20 myśli nt. „Wielkie Derby 2015 – Wałach Roku. Półfinały

    1. walec

      @Nitek

      Ja grałem tylko w Batka, ale na PS4, no i mi się podobał. Więc dałem na Hatred żeby Batkowi pomóc.
      Fallouta nie tknąłem i nie tknę bo beznadziejne było dla mnie New Vegas, które jest rzekomo najlepsze z tych ostatnich.
      A o nowych Heroes nawet nie wiedziałem że wyszli więc to musi być jakieś zło.

    2. mr_geo

      @Nitek

      W Haterd gralem przez jakies 60 minut z czego mniej wiecej 15 zajelo grze pokazanie mi wszystkiego co ma do zaoferowania, a pozostale trzy kwadranse byly narastajaca znudzeniem i irytacja z powodu zacinajacego sie sterowania, przeciwnikow i cywili glupich jak polski sejm po nieleczonym zapaleniu opon mozgowych i powtarzalnosci rozgrywki ad nauseam. Poziom merytoryczny i wykonanie jak dla gry F2P z google store, wepchniety na PC.

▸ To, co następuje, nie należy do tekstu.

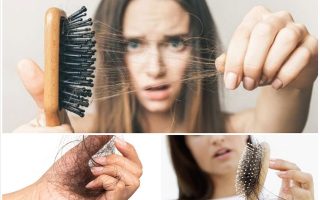 Thuốc chống rụng tóc: Có thật sự hiệu quả? Những điều bạn cần biết trước khi sử dụng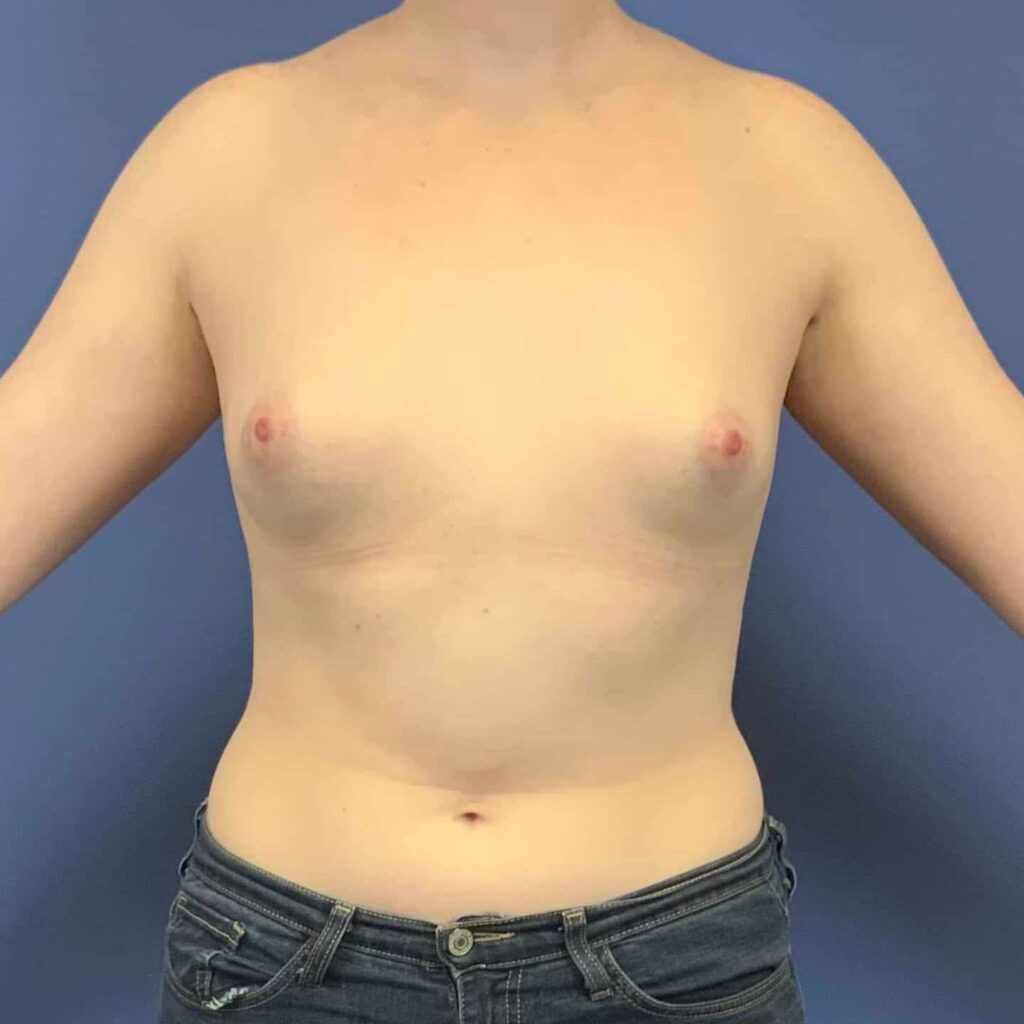 Before Image: Patient 43546 - front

      Heroes zajelo mi chyba cos kolo 2 dni, ale to bylo efekt czystego niedowierzania w to co moje oczy widza – “nie, no niemozliwe zeby az TAK to spierd… to tylko poczatki rozgrywki sa takie, potem bedzie lepiej, juz za chwile, za jedna ture… no dobra, moze za nastepna… i nastepna… i jeszcze jedna…”
      Nie bylo. Bylo raczej – choc trudno uwierzyc ze to w ogole mozliwe – JESZCZE GORZEJ.

      FO4 sobie odpuscilem po obejrzeniu na jewtube gameplayu pokazujacego “bogactwo” opcji dialogowych i przechodzenie calych questow metoda “na Call of Duty” czyli zalewania wszystkiego olowiem – w grze pretendujacej do miana RPG. Kuloodporny i ogniotrwaly piesel dopelnil obrazu nieswiezej kaszany od ktorej dla wlasnego dobra nalezy trzymac sie z daleka.

      Luftmysze w wersji konsolowej kupilem na prezent bratu, pogralem chwile i mialem silne wrazenie ze zupelnie nie wiem o co chodzi z tym hajpem, bo dla mnie to mrozony morszczuk w zimnej zalewie octowej. W dodatku bez przypraw. No ale mnie generalnie historyjki o amerykanskich herosach biegajacych/latajacych w fikusnych ciuszkach nie kreca, a ponadto mam nieuleczalny wstret do konsolowych padow.
      Potem u znajomego obejrzalem w dzialaniu jakis wczesny retail PCtowy w dzialaniu i do mdlego zimnego morszczuka doszlo jeszcze absolutne zniesmaczenie tym jaki tupet trzeba miec zeby wypuscic tak wadliwy i niedorobiony produkt i domagajac sie za niego ceny jak za pelnowartosciowy towar.